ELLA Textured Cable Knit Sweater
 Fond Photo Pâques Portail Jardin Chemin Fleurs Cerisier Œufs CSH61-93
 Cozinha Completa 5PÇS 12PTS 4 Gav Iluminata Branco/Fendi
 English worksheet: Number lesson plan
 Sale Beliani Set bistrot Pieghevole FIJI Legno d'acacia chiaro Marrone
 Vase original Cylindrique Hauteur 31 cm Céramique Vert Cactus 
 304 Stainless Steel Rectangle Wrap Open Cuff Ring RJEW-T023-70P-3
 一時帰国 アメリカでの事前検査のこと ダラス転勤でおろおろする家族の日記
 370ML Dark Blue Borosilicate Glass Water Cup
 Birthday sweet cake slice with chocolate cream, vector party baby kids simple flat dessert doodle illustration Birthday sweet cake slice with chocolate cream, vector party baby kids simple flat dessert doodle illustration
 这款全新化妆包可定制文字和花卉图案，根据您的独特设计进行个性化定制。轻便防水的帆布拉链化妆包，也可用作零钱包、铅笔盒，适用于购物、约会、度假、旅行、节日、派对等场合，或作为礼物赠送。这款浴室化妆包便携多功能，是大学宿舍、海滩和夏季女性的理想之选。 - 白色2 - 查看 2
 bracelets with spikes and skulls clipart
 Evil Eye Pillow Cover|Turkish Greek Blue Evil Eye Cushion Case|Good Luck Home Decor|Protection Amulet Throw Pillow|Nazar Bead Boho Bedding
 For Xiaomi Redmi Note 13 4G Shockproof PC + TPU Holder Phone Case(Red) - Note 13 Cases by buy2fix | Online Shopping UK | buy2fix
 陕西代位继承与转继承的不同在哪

YOUR OBJECTIVE:
Output each entry exactly as written, leaving none out.

RESULT FOR THIS EXERCISE:
ELLA Textured Cable Knit Sweater
 Fond Photo Pâques Portail Jardin Chemin Fleurs Cerisier Œufs CSH61-93
 Cozinha Completa 5PÇS 12PTS 4 Gav Iluminata Branco/Fendi
 English worksheet: Number lesson plan
 Sale Beliani Set bistrot Pieghevole FIJI Legno d'acacia chiaro Marrone
 Vase original Cylindrique Hauteur 31 cm Céramique Vert Cactus 
 304 Stainless Steel Rectangle Wrap Open Cuff Ring RJEW-T023-70P-3
 一時帰国 アメリカでの事前検査のこと ダラス転勤でおろおろする家族の日記
 370ML Dark Blue Borosilicate Glass Water Cup
 Birthday sweet cake slice with chocolate cream, vector party baby kids simple flat dessert doodle illustration Birthday sweet cake slice with chocolate cream, vector party baby kids simple flat dessert doodle illustration
 这款全新化妆包可定制文字和花卉图案，根据您的独特设计进行个性化定制。轻便防水的帆布拉链化妆包，也可用作零钱包、铅笔盒，适用于购物、约会、度假、旅行、节日、派对等场合，或作为礼物赠送。这款浴室化妆包便携多功能，是大学宿舍、海滩和夏季女性的理想之选。 - 白色2 - 查看 2
 bracelets with spikes and skulls clipart
 Evil Eye Pillow Cover|Turkish Greek Blue Evil Eye Cushion Case|Good Luck Home Decor|Protection Amulet Throw Pillow|Nazar Bead Boho Bedding
 For Xiaomi Redmi Note 13 4G Shockproof PC + TPU Holder Phone Case(Red) - Note 13 Cases by buy2fix | Online Shopping UK | buy2fix
 陕西代位继承与转继承的不同在哪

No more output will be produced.